Last night I wrote a blog called “Jack of hearts” about my Tuesday plans, however, those plans fell through, and at 6 am I was sitting in front of my screen thinking well now what do I write about? I was thinking what will I do with my day? I have so many projects on the go. So much I want to do and yet today I didn’t want to do anything at all. I was feeling tired and uncharged.

When I stepped outside the sun was shining and it was going to be a gorgeous day. Perfect day for some good tunes and a drive. I decided to take the same drive I have been doing for most of my life. I headed to the farm to visit Gran.

I poured a cup off coffee and headed out. The first song that played off my random play list is a song that since my Opas passing keeps leaving me in tears. It’s hard enough driving to the farm I was hoping this song wouldn’t set the tone of the day.

I keep thinking I will open the door at the farm and hear the greeting my Opa used to say I miss so much. Instead, my tears quickly turned to laughter as Gran’s dog my best dog friend almost knocks me over with excitement. No one in this world greats me with such excitement. Dogs know, he knows I need that when I come to visit. I spend most of my visit playing, laughing, and cuddling this dog who thinks he is a lap dog but in reality, is a large breed dog. He gives great hugs!

I needed this day. The last couple of days I have had a heavy heart overthinking things from the past and worrying about the future that I forgot to take a breath and just enjoy today. I cant change the past and I cant predict the future I can just live each and every day and make them as amazing as I can. Today reminded me of this message.

Gran and I spent our day shopping, we enjoy a delightful lunch together with the best chai latte in Picton. Last week we dined at a local market in Wellington and she hooked me up with a taco stand I would highly recommend. Now I love a taco but these were Doritos bag tacos, yes you heard me. She took me to a guy who cuts open a bag of Doritos either Cool ranch or Nacho cheese and puts all the taco fixings on top of the Doritos and you eat it with a fork. Yes, the way to my heart is tacos and chips. I love a good road trip with snacks. Perhaps I should look into being a travel food blogger. Dream jobs do exist.

Gran and I always spend so much time talking and it makes my heart so full. You have a way of making me forget my worries. Thank you Gran for always being my person. I am so lucky to have you.

On my drive home I got a text message from “Smalls” a girl I am convinced is just the smaller version of myself who reminded me she always has my back no matter how tall I am. Your text brought tears to my eyes and I hope you know how thankful I am for you and how much I love you girl!

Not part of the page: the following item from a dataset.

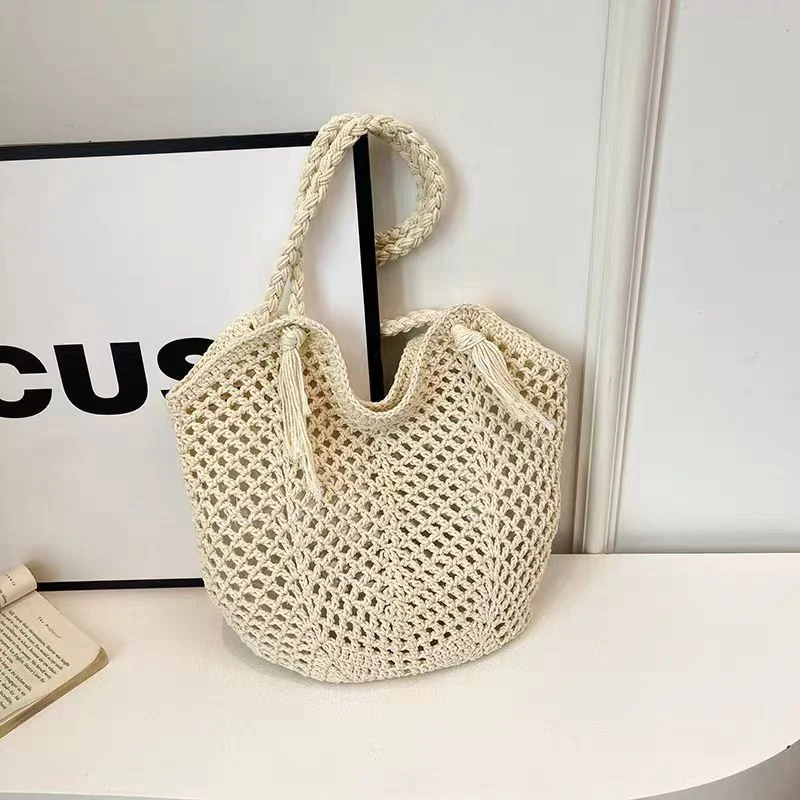 Handgefertigte Strohtasche mit Quasten Skanto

I ended my day with the perfect cup of tea shared with my girlfriend Jes. Just like in the old days she and I shared a snack and a show. We have been watching this show now for years together. It that always brings us to tears and leaves us filled with hope. A show that reminds us change is always possible. You have to make the decision to change no one can change you! I need this episode. Thanks girl!

I know there will be bad days and some hard times but thank you ladies this wasn’t the Tuesday I planned but it turns out a change of plans was just what I needed.